By Andrea Bennett | October 1, 2015 | Lifestyle
From one city that doesn't sleep to another, here's what not to miss on your next trip west.
The Wynn, on the Las Vegas Strip, features an indoor shopping mall modeled on Venice’s famed St. Mark’s Square.
You have to love a travel destination that is in a constant state of transformation. In just the last year, an unprecedented number of restaurants have opened or remade themselves on and off the Las Vegas Strip; Mandalay Bay completed the first phase of its $100 million room renovation; Bellagio finished its $165 million, four-year overhaul; Steve Wynn spent $9 million at the beginning of 2015 on bed linens alone, in addition to $10 million on lasers, pyrotechnics, and massive LED video screens for the country’s highest-grossing nightclub, XS. More change is on the way: A sprawling Chinese-themed mega-hotel, Resorts World Las Vegas, as well as Alon Las Vegas are in construction on the north end of the Strip. Keeping up with the changes, of course, is the trick. Here’s a cheat sheet on how to make the most of Vegas now.

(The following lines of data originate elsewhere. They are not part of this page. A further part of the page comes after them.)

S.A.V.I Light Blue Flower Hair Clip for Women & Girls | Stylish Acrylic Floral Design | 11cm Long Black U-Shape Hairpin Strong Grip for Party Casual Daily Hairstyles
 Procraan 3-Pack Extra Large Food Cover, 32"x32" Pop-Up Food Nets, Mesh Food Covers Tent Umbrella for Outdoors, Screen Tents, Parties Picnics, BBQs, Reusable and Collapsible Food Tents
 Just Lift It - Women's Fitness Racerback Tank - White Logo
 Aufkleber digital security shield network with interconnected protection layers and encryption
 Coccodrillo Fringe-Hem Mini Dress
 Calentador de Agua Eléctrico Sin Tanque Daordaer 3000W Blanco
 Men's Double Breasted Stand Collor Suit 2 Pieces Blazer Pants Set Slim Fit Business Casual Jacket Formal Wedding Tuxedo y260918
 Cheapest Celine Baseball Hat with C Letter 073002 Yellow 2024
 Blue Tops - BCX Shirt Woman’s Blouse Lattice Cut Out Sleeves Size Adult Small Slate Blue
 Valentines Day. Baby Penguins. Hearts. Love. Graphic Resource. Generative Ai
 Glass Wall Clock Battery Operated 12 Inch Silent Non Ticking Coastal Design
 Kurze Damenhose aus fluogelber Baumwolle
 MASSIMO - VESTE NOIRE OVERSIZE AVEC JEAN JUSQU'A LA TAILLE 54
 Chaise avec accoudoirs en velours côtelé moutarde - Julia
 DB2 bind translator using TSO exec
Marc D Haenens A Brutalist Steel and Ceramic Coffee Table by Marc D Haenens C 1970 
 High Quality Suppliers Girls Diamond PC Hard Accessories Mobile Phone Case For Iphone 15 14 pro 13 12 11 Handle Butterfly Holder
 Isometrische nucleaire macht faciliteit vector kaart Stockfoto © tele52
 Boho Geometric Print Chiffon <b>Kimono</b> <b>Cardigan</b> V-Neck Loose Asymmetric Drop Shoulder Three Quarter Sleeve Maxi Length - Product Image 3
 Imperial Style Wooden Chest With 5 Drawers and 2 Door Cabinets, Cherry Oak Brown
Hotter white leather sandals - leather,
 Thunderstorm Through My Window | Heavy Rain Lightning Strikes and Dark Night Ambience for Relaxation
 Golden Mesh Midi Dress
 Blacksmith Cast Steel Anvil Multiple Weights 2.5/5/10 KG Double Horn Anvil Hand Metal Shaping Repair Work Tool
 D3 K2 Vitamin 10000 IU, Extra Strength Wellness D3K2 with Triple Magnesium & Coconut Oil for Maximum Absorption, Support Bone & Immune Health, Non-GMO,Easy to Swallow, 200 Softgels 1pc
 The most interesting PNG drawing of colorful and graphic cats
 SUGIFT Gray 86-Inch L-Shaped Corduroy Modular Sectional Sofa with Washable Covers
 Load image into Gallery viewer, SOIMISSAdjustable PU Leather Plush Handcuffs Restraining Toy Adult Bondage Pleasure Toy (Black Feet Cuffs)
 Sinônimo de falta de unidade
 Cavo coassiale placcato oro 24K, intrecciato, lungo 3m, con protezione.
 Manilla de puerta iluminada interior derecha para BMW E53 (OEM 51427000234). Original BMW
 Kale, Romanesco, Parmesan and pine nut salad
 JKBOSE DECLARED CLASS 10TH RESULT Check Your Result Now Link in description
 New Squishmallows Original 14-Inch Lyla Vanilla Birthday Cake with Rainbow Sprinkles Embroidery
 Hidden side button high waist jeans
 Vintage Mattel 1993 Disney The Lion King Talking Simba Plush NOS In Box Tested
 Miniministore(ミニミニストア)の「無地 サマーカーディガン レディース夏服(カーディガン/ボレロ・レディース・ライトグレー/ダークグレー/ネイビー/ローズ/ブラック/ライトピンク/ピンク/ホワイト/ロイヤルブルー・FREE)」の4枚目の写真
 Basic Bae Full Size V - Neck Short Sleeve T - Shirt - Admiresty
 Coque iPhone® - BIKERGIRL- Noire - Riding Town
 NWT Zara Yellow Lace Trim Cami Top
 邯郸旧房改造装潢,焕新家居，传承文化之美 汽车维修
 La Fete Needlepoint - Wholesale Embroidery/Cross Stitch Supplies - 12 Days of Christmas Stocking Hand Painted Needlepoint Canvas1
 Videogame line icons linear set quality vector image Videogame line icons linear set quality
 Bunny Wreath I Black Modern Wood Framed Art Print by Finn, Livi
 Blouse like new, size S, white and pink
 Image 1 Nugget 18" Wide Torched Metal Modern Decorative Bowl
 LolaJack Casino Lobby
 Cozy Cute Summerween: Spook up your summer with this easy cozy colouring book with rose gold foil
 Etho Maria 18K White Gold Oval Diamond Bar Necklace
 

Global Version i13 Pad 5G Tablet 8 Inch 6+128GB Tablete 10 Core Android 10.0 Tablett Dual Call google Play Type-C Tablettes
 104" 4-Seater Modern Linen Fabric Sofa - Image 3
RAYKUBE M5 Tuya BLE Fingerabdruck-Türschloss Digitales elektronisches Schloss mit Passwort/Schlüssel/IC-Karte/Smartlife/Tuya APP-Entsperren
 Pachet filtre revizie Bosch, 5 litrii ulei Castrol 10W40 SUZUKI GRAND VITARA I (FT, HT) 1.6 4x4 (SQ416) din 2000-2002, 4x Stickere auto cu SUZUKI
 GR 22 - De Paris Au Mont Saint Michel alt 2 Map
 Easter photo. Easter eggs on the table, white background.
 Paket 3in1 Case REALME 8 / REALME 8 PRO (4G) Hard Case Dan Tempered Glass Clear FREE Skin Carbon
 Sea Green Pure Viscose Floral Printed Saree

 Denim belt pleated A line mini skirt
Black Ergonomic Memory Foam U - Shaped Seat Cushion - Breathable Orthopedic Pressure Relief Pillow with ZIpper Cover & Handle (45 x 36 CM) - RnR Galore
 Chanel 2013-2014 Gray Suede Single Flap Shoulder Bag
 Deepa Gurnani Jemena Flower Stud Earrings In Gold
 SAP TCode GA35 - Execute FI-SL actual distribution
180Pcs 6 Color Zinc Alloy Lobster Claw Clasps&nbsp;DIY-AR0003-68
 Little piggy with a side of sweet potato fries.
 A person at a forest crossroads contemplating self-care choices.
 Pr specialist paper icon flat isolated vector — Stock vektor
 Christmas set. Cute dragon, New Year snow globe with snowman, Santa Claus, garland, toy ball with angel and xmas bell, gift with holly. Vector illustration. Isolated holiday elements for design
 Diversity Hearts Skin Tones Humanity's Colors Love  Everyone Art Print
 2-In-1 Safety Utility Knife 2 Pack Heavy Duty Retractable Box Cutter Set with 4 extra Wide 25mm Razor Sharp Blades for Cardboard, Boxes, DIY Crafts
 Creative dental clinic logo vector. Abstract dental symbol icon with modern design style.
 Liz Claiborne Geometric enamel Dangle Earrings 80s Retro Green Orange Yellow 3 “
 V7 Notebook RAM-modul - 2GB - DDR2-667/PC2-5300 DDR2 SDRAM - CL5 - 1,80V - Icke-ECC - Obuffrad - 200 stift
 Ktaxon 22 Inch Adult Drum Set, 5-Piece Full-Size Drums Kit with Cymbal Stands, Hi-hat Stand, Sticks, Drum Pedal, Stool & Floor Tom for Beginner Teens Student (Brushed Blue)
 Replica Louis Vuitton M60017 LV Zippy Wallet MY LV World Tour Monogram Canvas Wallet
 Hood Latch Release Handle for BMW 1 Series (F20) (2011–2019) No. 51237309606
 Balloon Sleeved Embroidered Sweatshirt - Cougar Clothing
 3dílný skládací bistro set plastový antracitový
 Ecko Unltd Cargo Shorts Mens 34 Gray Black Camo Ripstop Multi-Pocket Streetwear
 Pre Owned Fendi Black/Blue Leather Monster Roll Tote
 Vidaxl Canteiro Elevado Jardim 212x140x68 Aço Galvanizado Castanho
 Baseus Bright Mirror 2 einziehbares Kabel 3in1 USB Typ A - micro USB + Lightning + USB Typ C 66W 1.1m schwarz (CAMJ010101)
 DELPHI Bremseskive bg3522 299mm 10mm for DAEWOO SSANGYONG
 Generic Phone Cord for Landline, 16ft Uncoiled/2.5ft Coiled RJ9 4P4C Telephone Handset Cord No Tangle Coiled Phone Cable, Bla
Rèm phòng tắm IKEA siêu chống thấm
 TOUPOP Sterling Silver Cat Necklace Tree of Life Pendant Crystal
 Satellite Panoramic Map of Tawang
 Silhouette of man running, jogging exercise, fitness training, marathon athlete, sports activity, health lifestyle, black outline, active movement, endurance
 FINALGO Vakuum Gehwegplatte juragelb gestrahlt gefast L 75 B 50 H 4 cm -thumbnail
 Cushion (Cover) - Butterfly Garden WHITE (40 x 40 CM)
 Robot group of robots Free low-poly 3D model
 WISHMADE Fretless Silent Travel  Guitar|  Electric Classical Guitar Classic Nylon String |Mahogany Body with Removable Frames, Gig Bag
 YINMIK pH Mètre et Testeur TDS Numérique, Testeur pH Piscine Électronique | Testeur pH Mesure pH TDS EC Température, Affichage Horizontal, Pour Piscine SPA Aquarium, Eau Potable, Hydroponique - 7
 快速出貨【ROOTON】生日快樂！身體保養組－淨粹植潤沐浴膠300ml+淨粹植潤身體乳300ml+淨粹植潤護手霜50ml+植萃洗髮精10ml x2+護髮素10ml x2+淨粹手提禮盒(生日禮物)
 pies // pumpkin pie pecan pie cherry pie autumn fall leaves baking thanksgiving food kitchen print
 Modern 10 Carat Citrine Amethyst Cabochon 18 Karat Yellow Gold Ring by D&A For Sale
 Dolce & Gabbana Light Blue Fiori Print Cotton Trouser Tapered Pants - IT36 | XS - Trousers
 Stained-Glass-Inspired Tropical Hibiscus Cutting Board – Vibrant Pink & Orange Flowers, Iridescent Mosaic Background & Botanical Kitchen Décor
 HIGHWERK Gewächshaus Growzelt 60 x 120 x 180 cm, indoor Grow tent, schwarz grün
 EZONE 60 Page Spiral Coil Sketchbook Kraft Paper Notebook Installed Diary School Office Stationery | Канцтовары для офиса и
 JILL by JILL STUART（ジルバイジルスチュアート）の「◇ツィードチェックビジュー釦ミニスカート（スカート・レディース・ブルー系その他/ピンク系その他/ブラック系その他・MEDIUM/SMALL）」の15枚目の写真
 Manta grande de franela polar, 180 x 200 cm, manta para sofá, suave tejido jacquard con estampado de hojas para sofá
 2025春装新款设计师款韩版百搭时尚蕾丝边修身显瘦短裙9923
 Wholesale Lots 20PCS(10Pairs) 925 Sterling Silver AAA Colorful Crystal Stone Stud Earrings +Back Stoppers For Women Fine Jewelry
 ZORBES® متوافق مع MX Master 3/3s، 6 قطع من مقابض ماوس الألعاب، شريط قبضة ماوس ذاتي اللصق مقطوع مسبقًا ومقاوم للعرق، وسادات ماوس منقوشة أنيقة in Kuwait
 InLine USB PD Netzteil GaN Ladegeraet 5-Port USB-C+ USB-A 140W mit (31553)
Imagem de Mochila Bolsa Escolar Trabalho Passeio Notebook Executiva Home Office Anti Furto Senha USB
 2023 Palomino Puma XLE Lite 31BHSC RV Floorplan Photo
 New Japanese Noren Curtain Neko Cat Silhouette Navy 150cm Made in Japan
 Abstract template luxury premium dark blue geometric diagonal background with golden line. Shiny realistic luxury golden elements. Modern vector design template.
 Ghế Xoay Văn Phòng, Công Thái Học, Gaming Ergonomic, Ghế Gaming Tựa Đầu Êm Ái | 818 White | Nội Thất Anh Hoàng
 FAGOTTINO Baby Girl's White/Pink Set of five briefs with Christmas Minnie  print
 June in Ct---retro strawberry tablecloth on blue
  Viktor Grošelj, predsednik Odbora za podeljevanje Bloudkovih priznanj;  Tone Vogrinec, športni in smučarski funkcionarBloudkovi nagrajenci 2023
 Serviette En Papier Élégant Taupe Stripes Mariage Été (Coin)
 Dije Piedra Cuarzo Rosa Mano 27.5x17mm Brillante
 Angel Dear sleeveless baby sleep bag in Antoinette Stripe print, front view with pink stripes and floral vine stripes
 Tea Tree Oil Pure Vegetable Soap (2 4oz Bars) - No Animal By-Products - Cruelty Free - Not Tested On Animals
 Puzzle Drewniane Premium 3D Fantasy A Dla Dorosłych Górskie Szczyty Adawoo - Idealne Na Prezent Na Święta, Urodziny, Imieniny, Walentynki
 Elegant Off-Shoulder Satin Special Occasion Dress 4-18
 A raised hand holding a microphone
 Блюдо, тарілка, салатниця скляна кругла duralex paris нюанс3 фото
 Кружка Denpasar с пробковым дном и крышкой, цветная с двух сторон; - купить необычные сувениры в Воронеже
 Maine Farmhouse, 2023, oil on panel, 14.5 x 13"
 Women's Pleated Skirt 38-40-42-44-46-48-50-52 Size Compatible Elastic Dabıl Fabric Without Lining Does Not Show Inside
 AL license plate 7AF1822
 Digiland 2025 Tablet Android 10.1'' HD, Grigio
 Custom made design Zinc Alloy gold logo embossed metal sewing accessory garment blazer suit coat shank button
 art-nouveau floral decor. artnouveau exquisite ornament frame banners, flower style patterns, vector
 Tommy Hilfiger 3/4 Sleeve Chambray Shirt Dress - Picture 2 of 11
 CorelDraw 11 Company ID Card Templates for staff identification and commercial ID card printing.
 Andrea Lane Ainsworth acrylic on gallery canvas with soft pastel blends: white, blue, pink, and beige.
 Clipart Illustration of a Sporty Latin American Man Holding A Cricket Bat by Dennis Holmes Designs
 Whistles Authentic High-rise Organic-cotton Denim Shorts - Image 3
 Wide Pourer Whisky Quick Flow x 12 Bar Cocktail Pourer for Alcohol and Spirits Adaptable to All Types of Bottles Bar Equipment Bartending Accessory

High-end luxury is a mainstay of the city’s top hotels. Aria Resort & Casino (3730 Las Vegas Blvd. S., 866-359-7757), the sleek, sky-lit tower in CityCenter, has become one of the best options for shoppers and gourmands, thanks to new restaurants like Michael Mina’s Bardot Brasserie, Bar Masa, Sage, Julian Serrano, and a recently debuted Carbone outpost. Aria’s separate Sky Suites, with their Hermès amenities, in-suite saunas, hybrid limo service, and brand-new pool, are both exclusive and connected; The Shops at Crystals are a short walk away. Palazzo Las Vegas (3325 Las Vegas Blvd. S., 702-607-7777)—adjoining sister property The Venetian—has 3,000 of some of the most lavish suites on the Strip, which start at a very large 720 square feet. Upgrade to the hotel’s lesser-known Prestige Suites on the 23rd floor, with private Champagne check-in, personal concierge, and an exclusive lounge. For those who like to dip into the gaming scene but not have the full-frontal assault on the way to their guest-room, Mandarin Oriental Las Vegas (3752 Las Vegas Blvd. S., 702-590-8888) is within walking distance of all the CityCenter attractions. Nothing has been overlooked, from the delightful Shanghai Tang toiletries and Frette bathrooms to a not-to-miss high tea on the 23rd floor. The intimate 23rd-floor Mandarin Bar with its lavishly elegant rooms is a must-stop for a perfect evening out. Don’t miss the spa, which channels 1930s Shanghai.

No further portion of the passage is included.